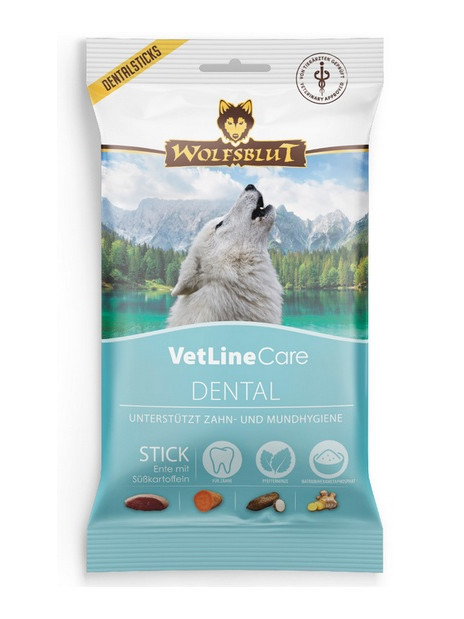 Wolfsblut Dog VetLine Stick Dental 180g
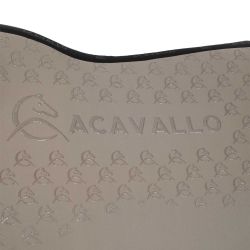 Tapis de selle JS CW-CS bamboo grip silicone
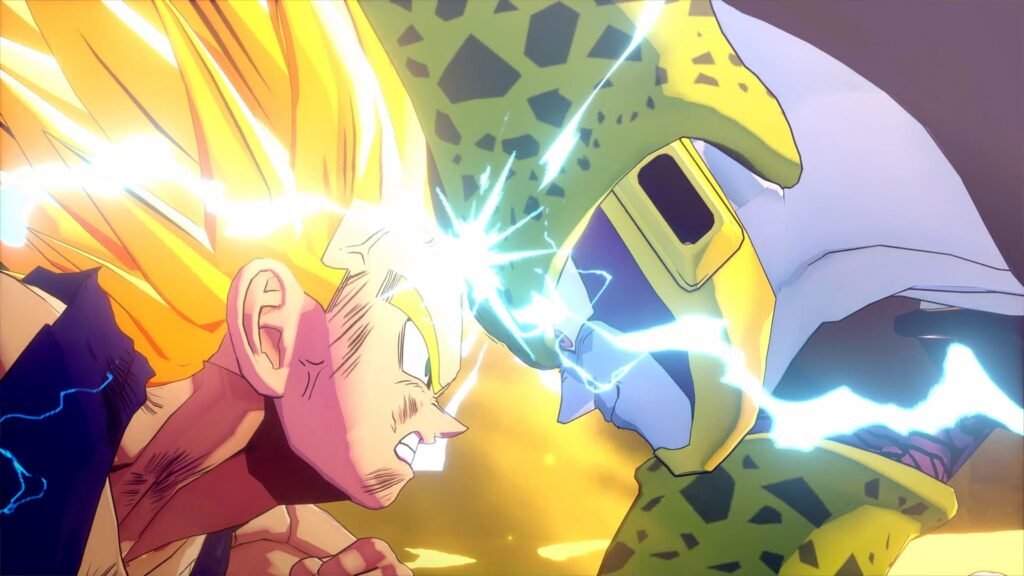 Dragon Ball Z Kakarot DAIMA Goku PS5
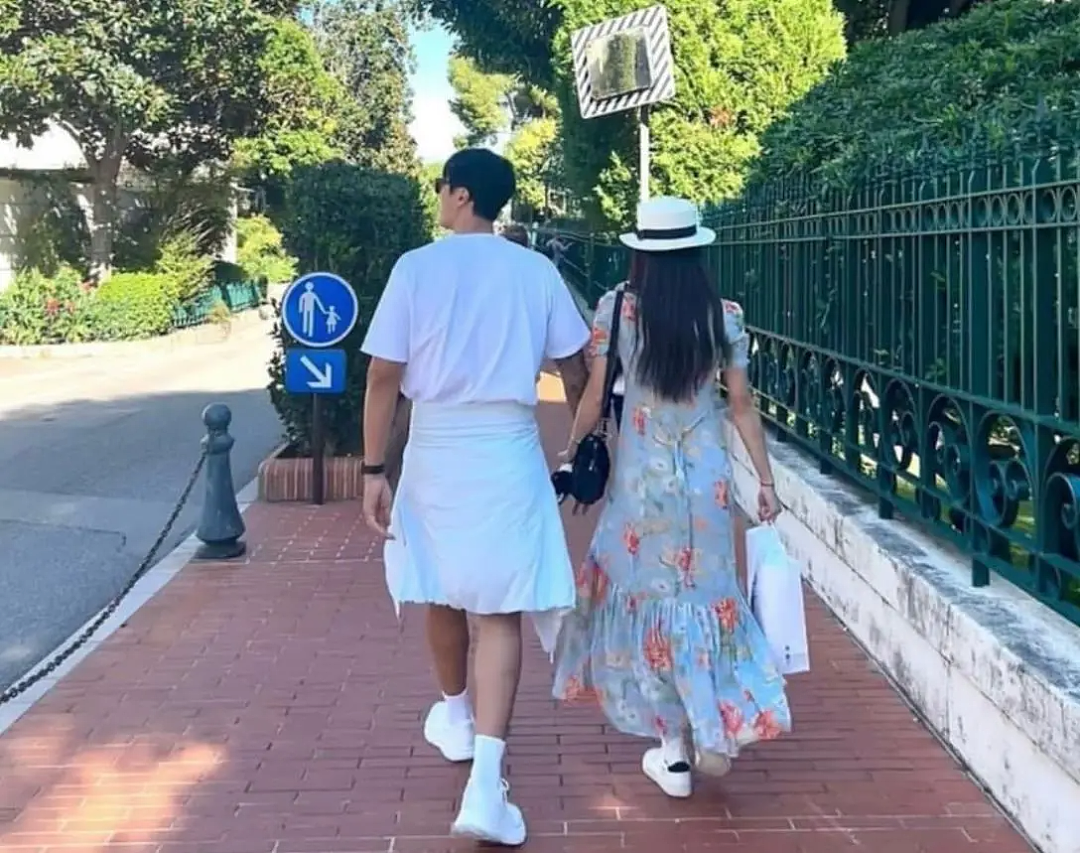 20年前统一亚洲审美的顶级男人,一回归就杀疯全网! - 25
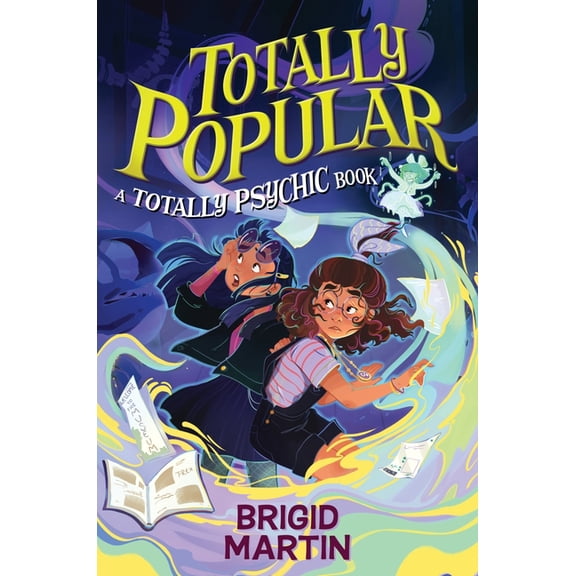 Totally Popular, (Hardcover)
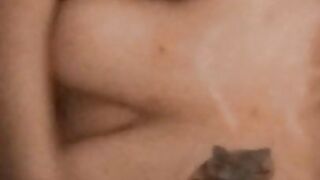 Playing with myself In the bath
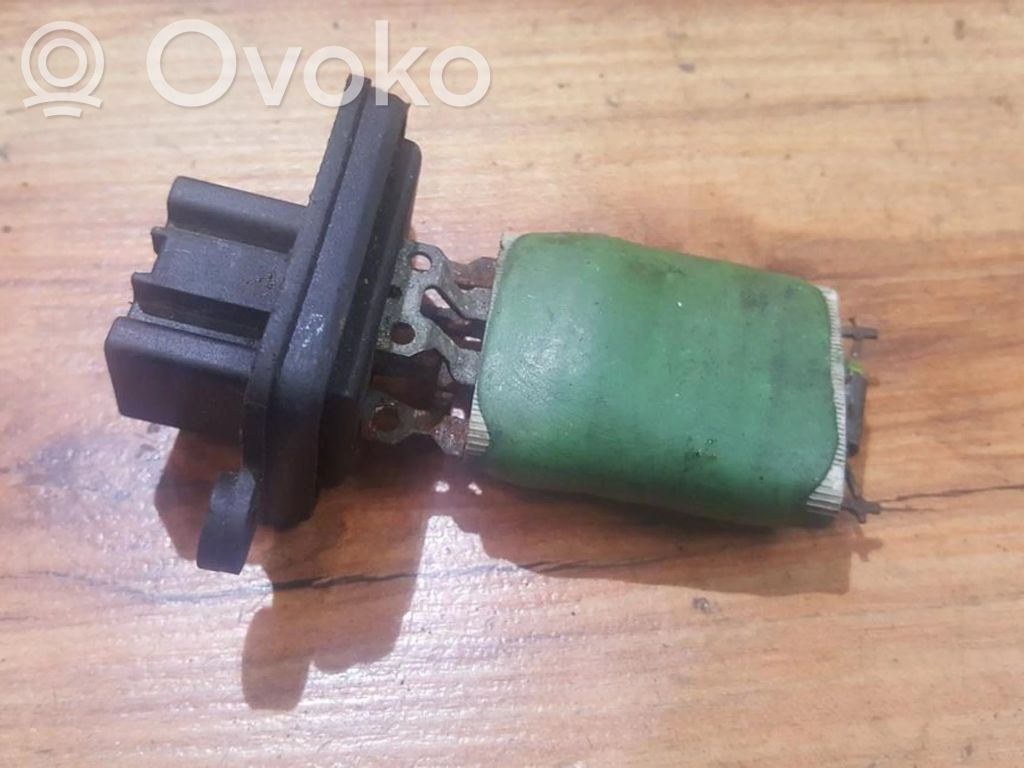 Lancia Kappa Motor aerotermă/rezistor ventilator 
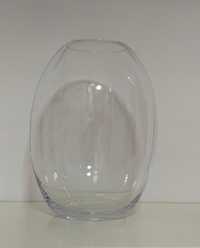 Vaso de vidro decorativo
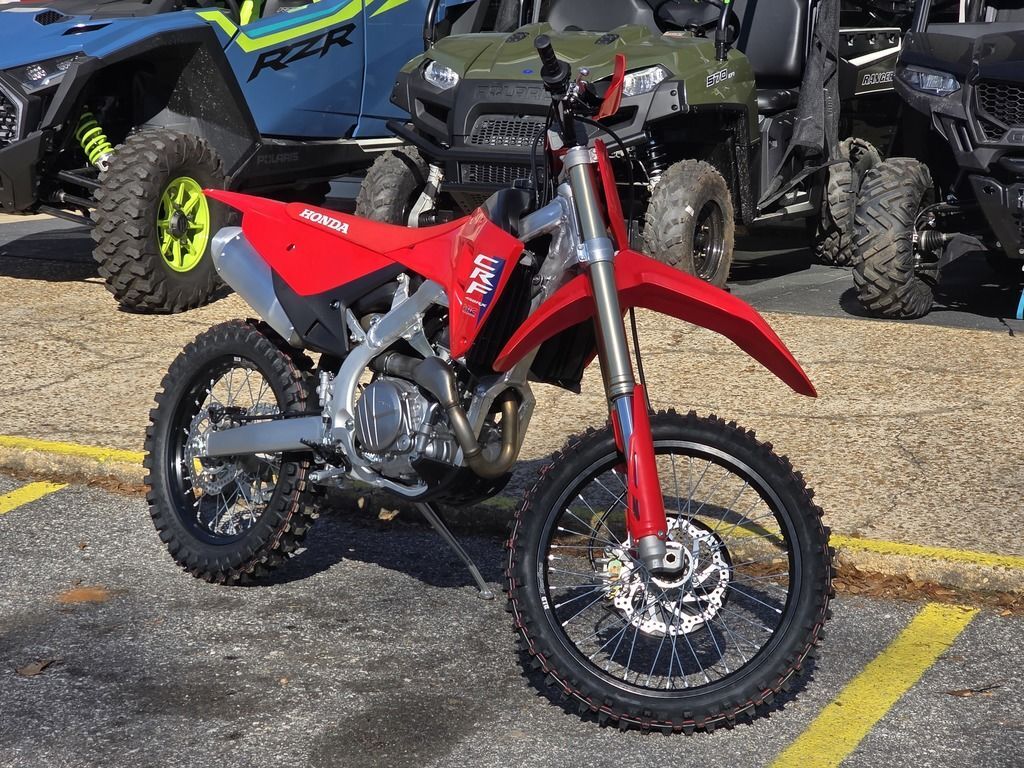 2026 Honda® CRF450RX 450RX in Opelika, AL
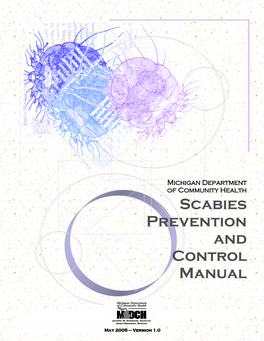 Scabies Prevention and Control Manual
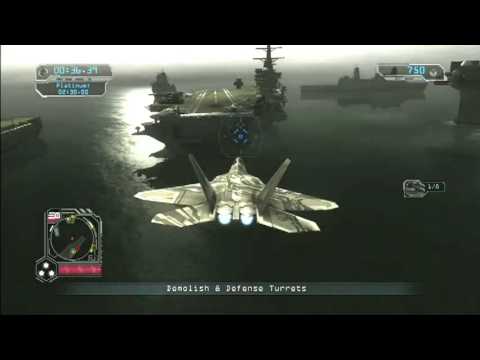 Transformers Revenge of the Fallen Raw SP gameplay Starscream desktop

+--

● AIM OF THE EXERCISE
Only the lines from the one containing "Totally Popular, (Hardcover)" through the end of the records above should be retyped, exactly as they stand, with any pictures left out.

● FINISHED EXERCISE
 Totally Popular, (Hardcover)
 Playing with myself In the bath
 Lancia Kappa Motor aerotermă/rezistor ventilator 
 Vaso de vidro decorativo
 2026 Honda® CRF450RX 450RX in Opelika, AL
 Scabies Prevention and Control Manual
 Transformers Revenge of the Fallen Raw SP gameplay Starscream desktop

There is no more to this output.